EXERCISE INSTRUCTIONS →
Restate every line of the material, word for word.

EXCERPTED RECORDS →
============================================================

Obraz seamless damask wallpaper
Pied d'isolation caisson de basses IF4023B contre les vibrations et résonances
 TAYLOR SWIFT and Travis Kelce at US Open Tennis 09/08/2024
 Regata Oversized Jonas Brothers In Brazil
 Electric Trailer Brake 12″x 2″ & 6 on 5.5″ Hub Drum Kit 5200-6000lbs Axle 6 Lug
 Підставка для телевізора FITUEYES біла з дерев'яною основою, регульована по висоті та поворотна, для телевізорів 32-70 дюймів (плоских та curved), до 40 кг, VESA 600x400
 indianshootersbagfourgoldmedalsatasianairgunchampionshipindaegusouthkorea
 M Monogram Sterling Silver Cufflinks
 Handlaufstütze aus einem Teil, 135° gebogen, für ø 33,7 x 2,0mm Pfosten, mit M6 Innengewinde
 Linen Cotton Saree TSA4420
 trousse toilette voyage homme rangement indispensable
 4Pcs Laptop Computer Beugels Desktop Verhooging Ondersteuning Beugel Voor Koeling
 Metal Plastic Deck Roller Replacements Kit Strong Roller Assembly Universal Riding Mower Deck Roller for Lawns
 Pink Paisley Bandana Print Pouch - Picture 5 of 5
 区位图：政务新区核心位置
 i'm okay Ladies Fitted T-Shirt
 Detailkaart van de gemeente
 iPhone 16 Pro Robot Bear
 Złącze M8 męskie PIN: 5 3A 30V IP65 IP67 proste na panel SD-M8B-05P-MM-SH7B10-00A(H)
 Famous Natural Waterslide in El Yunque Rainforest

============================================================

YOUR SOLUTION →
Obraz seamless damask wallpaper
Pied d'isolation caisson de basses IF4023B contre les vibrations et résonances
 TAYLOR SWIFT and Travis Kelce at US Open Tennis 09/08/2024
 Regata Oversized Jonas Brothers In Brazil
 Electric Trailer Brake 12″x 2″ & 6 on 5.5″ Hub Drum Kit 5200-6000lbs Axle 6 Lug
 Підставка для телевізора FITUEYES біла з дерев'яною основою, регульована по висоті та поворотна, для телевізорів 32-70 дюймів (плоских та curved), до 40 кг, VESA 600x400
 indianshootersbagfourgoldmedalsatasianairgunchampionshipindaegusouthkorea
 M Monogram Sterling Silver Cufflinks
 Handlaufstütze aus einem Teil, 135° gebogen, für ø 33,7 x 2,0mm Pfosten, mit M6 Innengewinde
 Linen Cotton Saree TSA4420
 trousse toilette voyage homme rangement indispensable
 4Pcs Laptop Computer Beugels Desktop Verhooging Ondersteuning Beugel Voor Koeling
 Metal Plastic Deck Roller Replacements Kit Strong Roller Assembly Universal Riding Mower Deck Roller for Lawns
 Pink Paisley Bandana Print Pouch - Picture 5 of 5
 区位图：政务新区核心位置
 i'm okay Ladies Fitted T-Shirt
 Detailkaart van de gemeente
 iPhone 16 Pro Robot Bear
 Złącze M8 męskie PIN: 5 3A 30V IP65 IP67 proste na panel SD-M8B-05P-MM-SH7B10-00A(H)
 Famous Natural Waterslide in El Yunque Rainforest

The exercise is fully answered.